Transcribe the lines below verbatim, skipping the images.

→ **Stored data**
──────────────────────────────
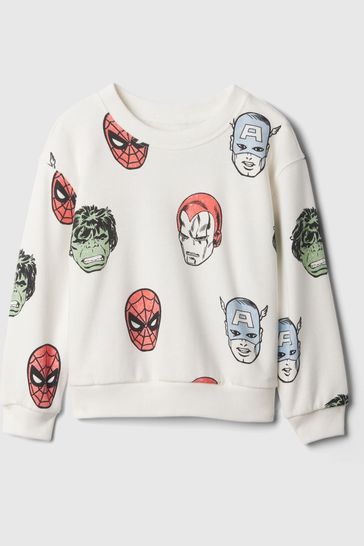 Gap White Marvel Graphic Sweatshirt (6mths-5yrs)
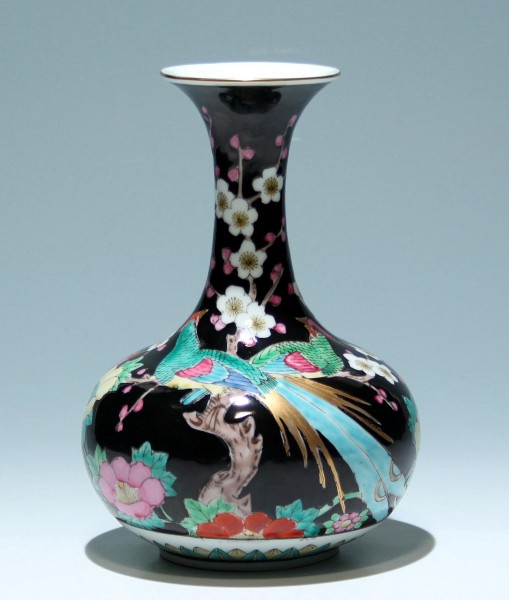 Japanese Porcelain Vase with Birds on Branches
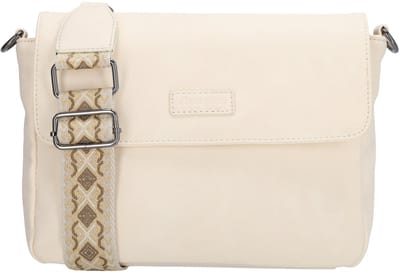 Beagles Malaga Schoudertas Dames - Handtas met telefoonvak - Tas van Imitatieleder met ritssluiting - Crème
──────────────────────────────
→ **Result**
 Gap White Marvel Graphic Sweatshirt (6mths-5yrs)
 Japanese Porcelain Vase with Birds on Branches
 Beagles Malaga Schoudertas Dames - Handtas met telefoonvak - Tas van Imitatieleder met ritssluiting - Crème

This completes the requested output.